A similar philosophy of using fixed constants underlies the new definitions of the mole, the kelvin and the ampere. After Monday, the mole will be defined by the value of Avogadro’s constant, the kelvin by the value of the Boltzmann constant (which relates temperature to energy), and the ampere by the value of the elementary charge, the smallest observable charge in the universe.

Understanding how the new mass standard is used is not easy as can be seen from this article. As another article explains, the new kilogram standard depends upon the Planck constant because the value of that constant influences the value of Avogadro’s number that in turn determines the number of atoms in a given mass of an element. Arriving at agreement on the standard required a convergence of values obtained by different methods. This article gives a more detailed explanation. For yet more details, see here.

Here’s a video explainer.

The figure from this article summarizes the state of affairs of the standards just before these new standards were decided upon.

Comments

  1. Sunday Afternoon says

    @#1, Reginald Selkirk,

    I love the units of the Hubble constant: km/s/Mpc (kilometers per second per megaparsec)!

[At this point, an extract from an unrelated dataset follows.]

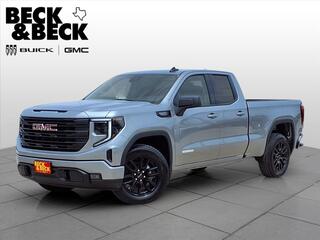2025 Gmc Sierra 1500 for sale in Morristown TN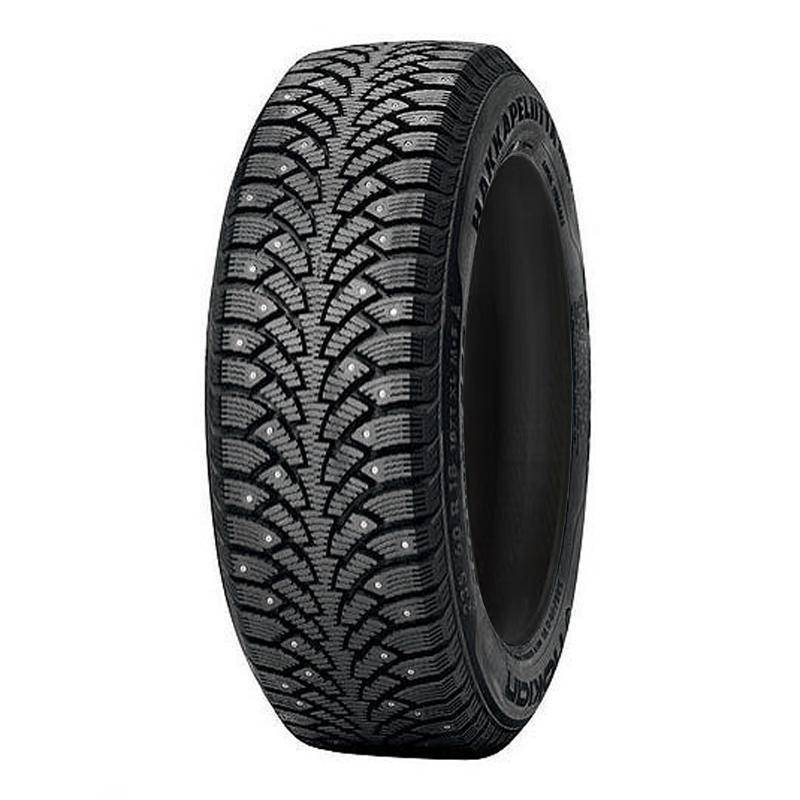 Резина nordman. Нокиан Нордман 4. Nordman 4 225/50 r17. Nokian Tyres Nordman 4. Шина Nordman 4 225/50 r17 98t.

    A quick dimensional analysis cancels out the 2 lengths, and you are left with 1/T -- the Hubble constant is a measure of frequency.

  2. Pierce R. Butler says

    Does changing the Kelvin degree entail changing the Celsius degree, or do they diverge now?

  3. Peter Butler says

    Avogadro’s number changed in 1961. Does anybody remember why?

    I don’t particularly like picking an exact value for Avogadro’s number. All 26 decimal digits? The unit of mass is defined. So why not continue using the number of carbon-12 atoms in a gram? If the number of significant digits of accuracy continues to improve we might have the chemists’ gram and the physicists’ gram. That would be silly.

  4. Rob Grigjanis says

    Sunday Afternoon @2:

    the Hubble constant is a measure of frequency.

    But “frequency” implies oscillation, and that’s not what’s happening here. Generally, three kinds of simple exponential behaviour occur in physics;

    Oscillating, in which H would be a frequency:
    exp[iHt] or exp[-iHt]

    Decaying, in which H would be a decay rate:
    exp[-Ht]

    Expanding, in which H is an expansion parameter:
    exp[Ht]

    The universe is expanding approximately as the last type.

  5. Mano Singham says

    Peter Butler @#5,

    Avogadro’s number is now called Avogadro’s constant and is fixed to be exactly 6.02214076×1023 mol−1.

    I am guessing that the physics and chemistry communities are not going to allow a difference in the values.

  6. Pierce R. Butler says

    Mano @ # 4: The Celsius is now defined to be equal to the Kelvin…

    Pending Brexit negotiations may “fix” that too.

  7. alanuk says

    I was worried when I read that the ampere was now redefined. In the series of posts on ‘Electrical Machinery’ in my blog:
    https://agrumpyoldphysicstechnician.wordpress.com/
    I used the the previous version of the definition to show how the basic equations could easily be derived. When I read about the change in definition, I was seriously concerned about the validity of my argument -- I was lying awake worrying about it. Fortunately, I had shown how the ‘arbitrary’ constant in the definition could be replaced by the magnetic constant (permeability of free space) and it turns out that this ‘constant’ is subject to change under the new definition -- thus all is well.

    On a less serious note (if one can joke about Brexit) we will be returning to the Fahrenheit scale -- on second thoughts, he was a foreigner, and a ‘European’ one at that; perhaps we could go back to Newton and his ‘Scala graduum Caloris’ (see blog).

    BTW the written form of the unit names should start with a lower case letter when derived from a person’s name: thus ‘ampere’, ‘kelvin’ but ‘degree Celsius’ -- unless the rules of grammar require otherwise.